In settling, the embattled Japanese automaker removes another challenge from its hefty legal docket, but also adds to the mounting costs of addressing its recent quality and safety issues. Toyota still faces hundreds of lawsuits for other issues, including sudden acceleration and rollover problems.

Judge Manuel Real of U.S. District Court in Los Angeles certified the class and gave preliminary approval of the settlement last week. Under its terms, eligible Prius owners will be notified by mail starting next month and have 90 days thereafter to register with the class.

By settling, Toyota avoids the risk of having a jury determine that the headlight problem is in fact a defect, which could spur a recall to replace all such headlights — a potentially far more costly solution. Under the settlement, the automaker did not admit any wrongdoing or liability.

“Toyota worked in good faith to resolve this matter in the interest of customer satisfaction,” spokesman Brian Lyons said in a statement. “We are pleased that all parties have reached an amicable agreement.”

To date, the automaker has not conceded that the 2006 to 2009 Prius hybrids have a defect in the lighting system, despite the numerous complaints to regulators that the HID headlamps tend to suddenly turn off, with both headlights going out simultaneously in some cases, a potentially hazardous condition.


A small number of drivers have alleged that the condition caused accidents or minor injuries. National Highway Traffic Safety Administration data do not reveal any deaths blamed on the problem.

According to Lyons, 216,000 Prius hybrids were outfitted with those headlights, out of a total of 620,000 sold in those model years. Because some vehicles were leased, and others sold secondhand, the number of potential class members exceeds the number of eligible vehicles.

A review of the NHTSA database shows that 49% of all complaints about 2006 to 2009 Priuses were related to lighting, headlamps or visibility. That far outnumbers complaints of sudden acceleration or braking issues in the vehicles, both of which have led to recalls.

A NHTSA probe launched in April 2009 determined that there were more than 2,250 complaints about failing headlamps lodged with the agency or Toyota, and that Toyota had completed almost 28,000 warranty repairs of the HID system.

That investigation was dropped in August 2009 after Toyota said it would initiate a “consumer service campaign” to address the issue. Complaints of headlight failure have continued to come in, however, with dozens lodged to NHTSA in the last few months, and online forums brimming with discussions of the problem.

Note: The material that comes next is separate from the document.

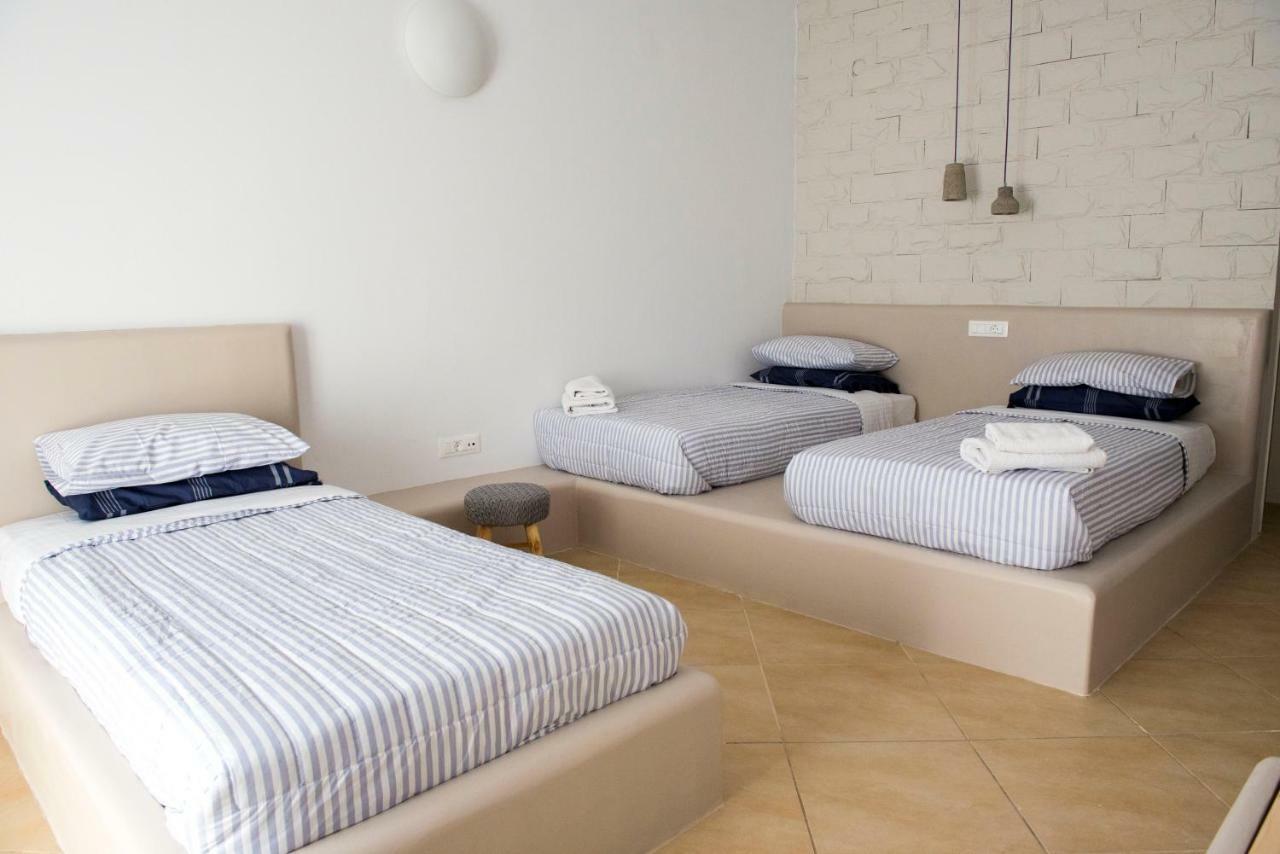 Ino Hotel Камари Экстерьер фото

Beyond the safety risks of the headlight problem, many consumers also complained that dealers refused to cover the costs of repair. Instead, they were forced to pay for new headlights, or in many cases a new onboard computer that controls the lighting system.

The costs of repairs varied, but typically ran between $250 and $1,000, attorneys said. One NHTSA complaint, for example, cites a service manager charging $578 to replace both headlamps in a 2006 Prius, but notes the manager “wouldn’t guarantee that would solve the problem.”

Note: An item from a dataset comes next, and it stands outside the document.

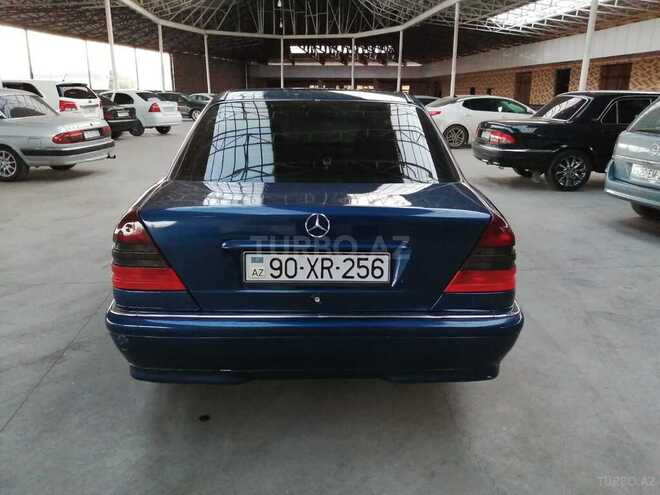 Mercedes C 240 1999, 275,000 km - 2.4 l - Gəncə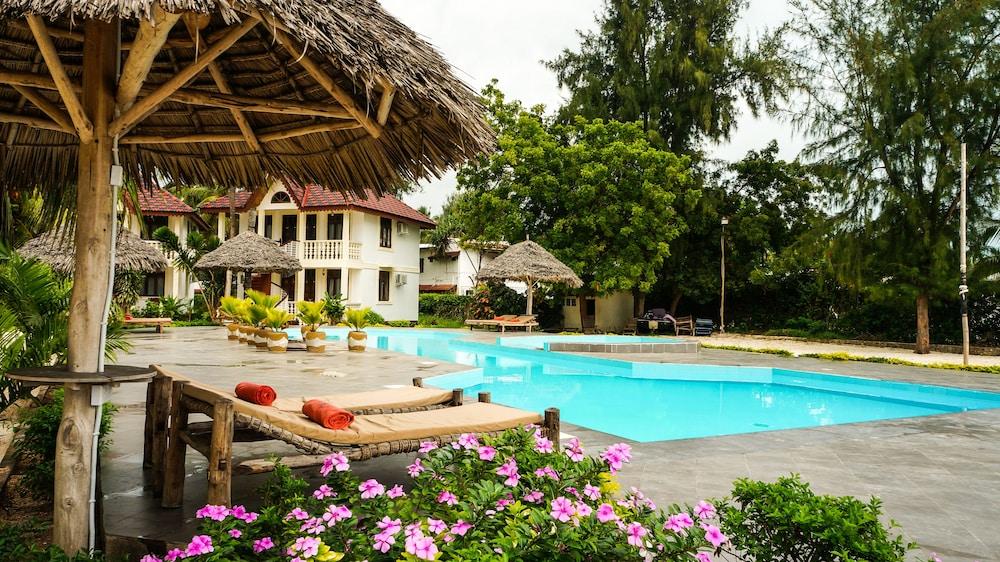 Hotel Smiles Nungwi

The settlement will allow consumers who have receipts for their repairs, either at a Toyota dealership or elsewhere, to file for reimbursement.

“Anyone who had any bulb or computer failure will now be able to get their money back,” attorney Gibbs said. “I think we reached a pretty good settlement.”

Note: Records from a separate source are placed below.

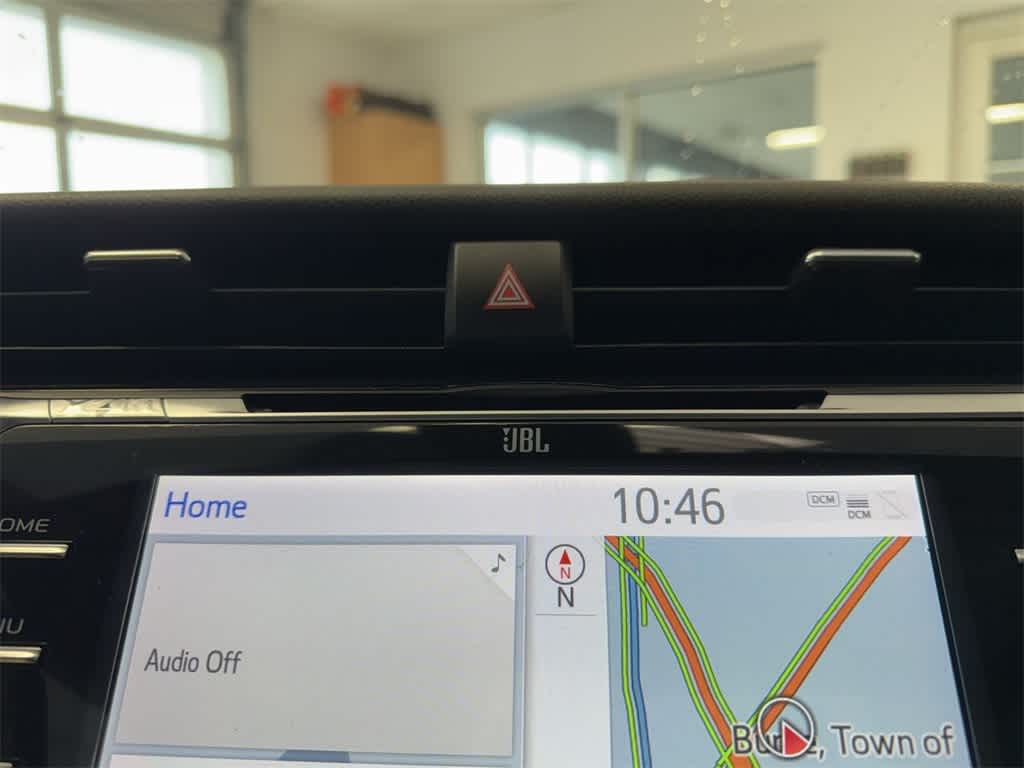 2019 Toyota Camry XSE 32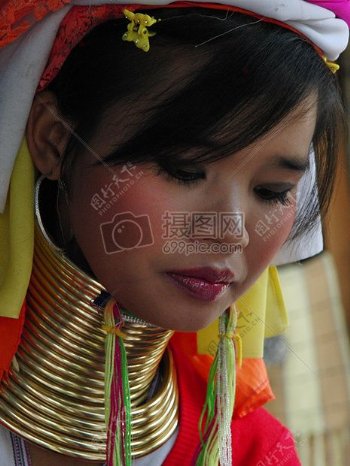 女子泰国缅甸山区山部落山民俗土著文化服装传统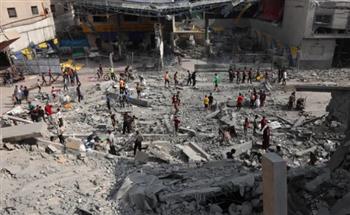   حكومة غزة: الاحتلال استهدف 256 مركزا للنزوح والإيواء منذ بدء الحرب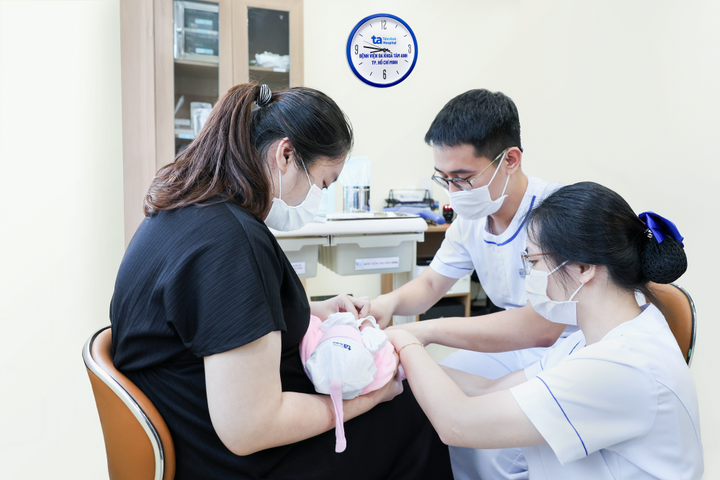 Thêm giải pháp phòng vi rút hợp bào hô hấp RSV cho trẻ ngay từ khi chào đời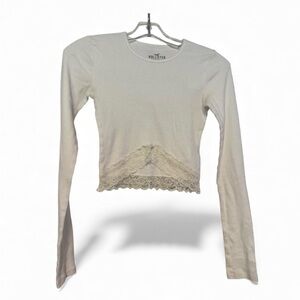 Vintage Hollister cropped white long sleeve shirt xxs lace at the bottom
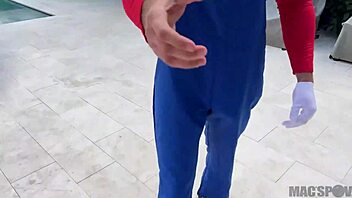 mario saves the princess and fucks her hard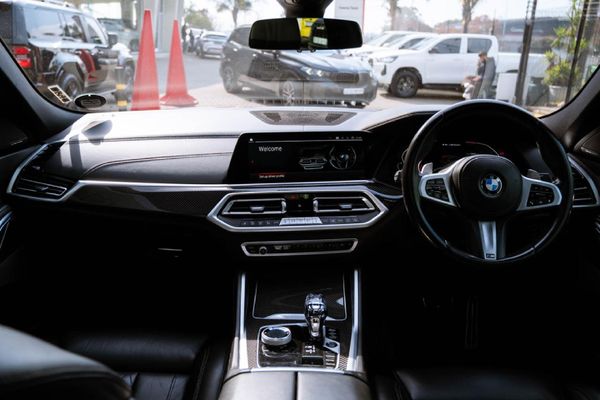 2021-BMW-X6-M50i image:10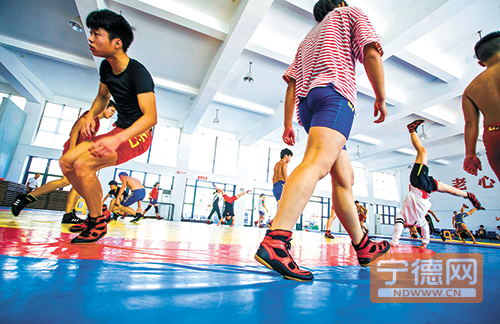苦练本领迎省运--宁德市摔跤队训练剪影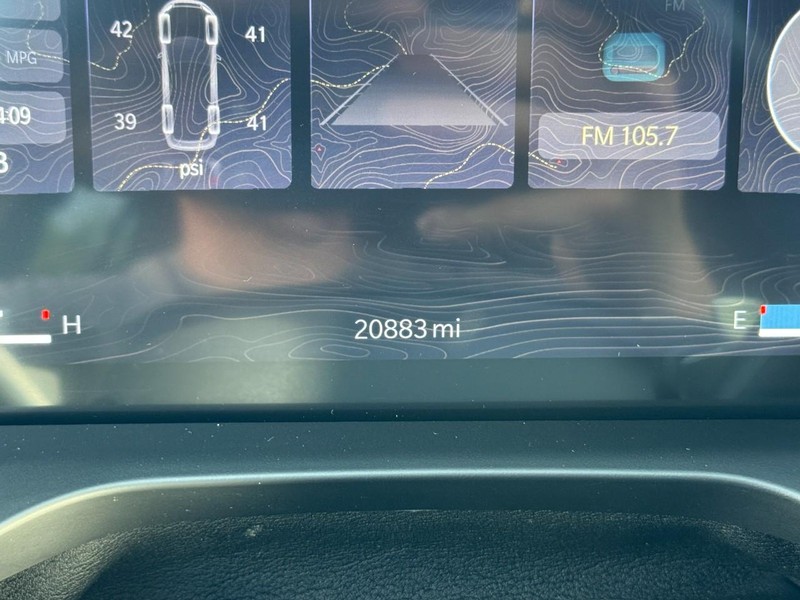 Jeep Grand Cherokee L Vehicle Full-screen Gallery Image 18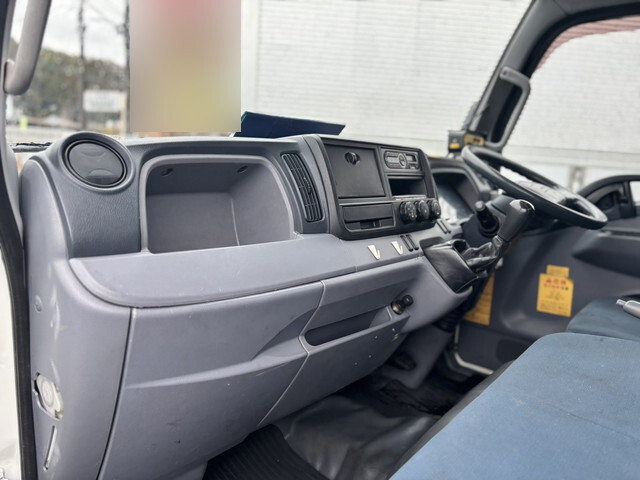 三菱ふそうキャンターパッカー車（塵芥車）小型（2t・3t）[写真38]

Gibbs said that during discovery in the case Toyota showed evidence suggesting that the problem lay in the headlamps themselves, rather than in the computer, or ECU, that controlled them. Toyota has since moved to a new bulb, which it claims does not fail as readily as the previous model.

Toyota still faces hundreds of lawsuits for other issues, including sudden acceleration and rollover problems.

Toyota has agreed to pay $10 million to settle one sudden acceleration suit, involving a Lexus ES that crashed outside of San Diego in 2009, killing four. If other acceleration cases are not settled, they could go to trial within the next year.

Attorney Mike Arias, also representing plaintiffs in the Prius headlights class, said he was not convinced that the problem was entirely due to the bulbs. “I still think it’s an ECU problem” Arias said. “We argued that the circuitry caused the headlamp failures.”

Toyota has repeatedly claimed that its vehicles have no electronic defects. Spokesman Lyons said the company no longer replaced ECUs for headlamp failures, and that the new bulb appeared to fail much less frequently.